Every day with Tracie is like a clockwork. Since she's autistic her environment needs to be static. Every morning she has to wake up at the same time, eat the same foods at the same times, and participate in the same activities at the same times. Her schedule is invariant. Any deviation would cause confusion for her and she would get upset. Said confusion might even cause seizures. Every day and every event in her life is a framework fixed in an invariant cycle. Therefore her lifestyle is a clockwork.
I believe that the things that my sister is capable of doing with her mental disability make her a walking phenomena. When she was younger the doctors told my parents that there was nothing that could be done for her mild to severe autism. They said that we would always have to feed her, help her walk, and never know what she wanted; the claimed that she would never gain any independence. Now she can feed herself without any assitance at all. Tracie can walk independently, load the dishwasher, even put DVDs in the DVD player and hit the play button. She can ask when she wants something and even convey her feelings with simple verbal communication. Though her world is completely uniform, she manages to make progress in her communication and motor skills. She is a phenomenon.

October 3, 2006


My favorite part of this campus is probably the Mississippi River. A while back, I took my camera and my bike out for a little spin, hoping to capture some of the beauty in the area. I rode my bike up and down the East River Parkway, wet my feet in the river, and even followed some small rodents into the woods on slightly worn paths. When I got to the Westbank, however, I found a little enclave next to the bike path. It seemed completely intentional-- there was a set of stairs leading down to it and a little slab of concrete were a bench might have been.
Another set of stairs led down further and then the path just stopped-- cut off by branches and bushes.
The whole area was beautiful in an odd, morbid sense. There was graffiti on the once white walls and plants had begun to take over the area.

September 25, 2006

The Peace House

A few weeks ago my sculpture class took a fieldtrip to the Minneapolis Institute of Arts. We all piled into cars and hoped that the classmate driving wouldn't get us lost. On the way there, I noticed a little building with a colorful mural on the side of it. It said "Peace House" on the front.
The mural had made m curious so I checked it out on the net later. Apparently the Peace House is a building for anyone to go to who needs help.
They serve a free lunch and offer discussion groups to help people talk through their problems.
I really think that a place like this is a good way to help the community. Not only are the people in the Peace House helping those in need physically, they are helping them mentally and spiritually.
It is only when we try to help a person as a whole rather than as a corpse (which is what they are if you ignore the mind and the soul) that we can really make a difference.
Instead of just putting a roof over the heads and food in the mouths of the needy, the Peace House is nourising the minds of the impoverished with intelligent discussion; the workers are helping the people to learn how to shelter themselves by educating them and teaching them to stand up for their beliefs.

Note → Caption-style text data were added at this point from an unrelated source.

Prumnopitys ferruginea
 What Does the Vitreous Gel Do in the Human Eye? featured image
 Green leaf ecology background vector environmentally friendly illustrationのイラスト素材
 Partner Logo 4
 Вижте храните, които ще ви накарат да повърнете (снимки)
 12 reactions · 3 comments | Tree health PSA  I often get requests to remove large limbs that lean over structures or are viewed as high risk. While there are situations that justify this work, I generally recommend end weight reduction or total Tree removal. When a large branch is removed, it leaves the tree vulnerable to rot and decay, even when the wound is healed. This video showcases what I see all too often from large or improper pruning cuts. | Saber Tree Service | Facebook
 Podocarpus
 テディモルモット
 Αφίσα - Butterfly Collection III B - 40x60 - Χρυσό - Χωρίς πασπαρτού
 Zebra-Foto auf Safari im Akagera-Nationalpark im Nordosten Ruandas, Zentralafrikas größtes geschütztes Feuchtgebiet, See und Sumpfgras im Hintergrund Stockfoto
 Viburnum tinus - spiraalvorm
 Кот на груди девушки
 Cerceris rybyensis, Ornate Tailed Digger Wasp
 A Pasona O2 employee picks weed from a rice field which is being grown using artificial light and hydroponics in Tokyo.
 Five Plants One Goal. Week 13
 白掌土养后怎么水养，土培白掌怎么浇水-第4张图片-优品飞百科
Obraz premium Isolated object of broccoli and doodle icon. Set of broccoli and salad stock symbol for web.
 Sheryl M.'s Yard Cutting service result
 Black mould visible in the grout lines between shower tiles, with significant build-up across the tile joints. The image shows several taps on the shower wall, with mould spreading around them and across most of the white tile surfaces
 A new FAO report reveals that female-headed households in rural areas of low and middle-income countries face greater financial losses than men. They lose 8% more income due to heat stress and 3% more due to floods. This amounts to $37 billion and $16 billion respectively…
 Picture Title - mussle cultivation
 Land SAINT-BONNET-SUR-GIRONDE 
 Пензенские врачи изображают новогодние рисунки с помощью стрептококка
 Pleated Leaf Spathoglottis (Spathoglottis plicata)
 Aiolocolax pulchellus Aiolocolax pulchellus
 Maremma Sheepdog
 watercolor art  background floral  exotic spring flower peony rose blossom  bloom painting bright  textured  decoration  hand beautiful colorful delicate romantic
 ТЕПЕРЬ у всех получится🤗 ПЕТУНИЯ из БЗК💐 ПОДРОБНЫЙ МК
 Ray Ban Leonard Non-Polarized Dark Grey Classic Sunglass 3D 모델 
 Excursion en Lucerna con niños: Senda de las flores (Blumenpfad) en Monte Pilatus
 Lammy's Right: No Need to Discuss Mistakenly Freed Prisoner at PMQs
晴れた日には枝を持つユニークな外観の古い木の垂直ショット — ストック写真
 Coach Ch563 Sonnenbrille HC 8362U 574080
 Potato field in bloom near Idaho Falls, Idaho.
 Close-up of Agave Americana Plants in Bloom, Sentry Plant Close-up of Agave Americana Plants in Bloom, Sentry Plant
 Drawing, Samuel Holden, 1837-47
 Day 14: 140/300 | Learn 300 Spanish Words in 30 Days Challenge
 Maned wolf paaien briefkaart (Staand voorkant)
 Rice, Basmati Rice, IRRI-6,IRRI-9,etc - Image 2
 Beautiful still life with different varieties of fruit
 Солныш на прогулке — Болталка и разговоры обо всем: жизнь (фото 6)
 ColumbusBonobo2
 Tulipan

Food and Monetary donations can be sent to:
Peace House
510 E. Franklin Ave.
Minneapolis, MN 55404

September 19, 2006

Midtown Market

As a native of a small town in Wisconsin, I hadn't gotten much exposure to different cultures before I came to the Twin Cities. One of the reasons I came here was so that I could experience different cultures and ways of life through both direct and indirect means. I was pretty excited when I was told that I had to go to a place like the Midtown Market.

There was a sense of continual motion in the Market. The torrents of people, in addition to the various banners and flags hanging all over the place, created a flow that was hard to break away from. This flow of energy brought each person past the different cultures/booths at a pace slow enough for them to take them in as separate entities; however, the pace was also quick enough that each booth seemed to meld into the next, creating a continuity and a sense of unity within the entire complex. Once you step out of the flow of people the energy created by it is still evident. You can still hear the chatter of the individuals walking by, but it's a bit subdued as your concentration shifts to each individual booth. You feel separated from, yet connected to, the people outside.

The general atmosphere in the Market was one of unity and friendship. Everyone that I encountered was cheerful and friendly. Everyone was open to the experience and the people involved. Friendly chatter filled the air and music drifted in and out of the booths.
The vibrant colors made me wish I had brought a sketchbook or a camera along.
I also wish that I would have brought more money so that I could have sampled more of the foods and wares offered at the Market.
I look forward to going there again some time in the future.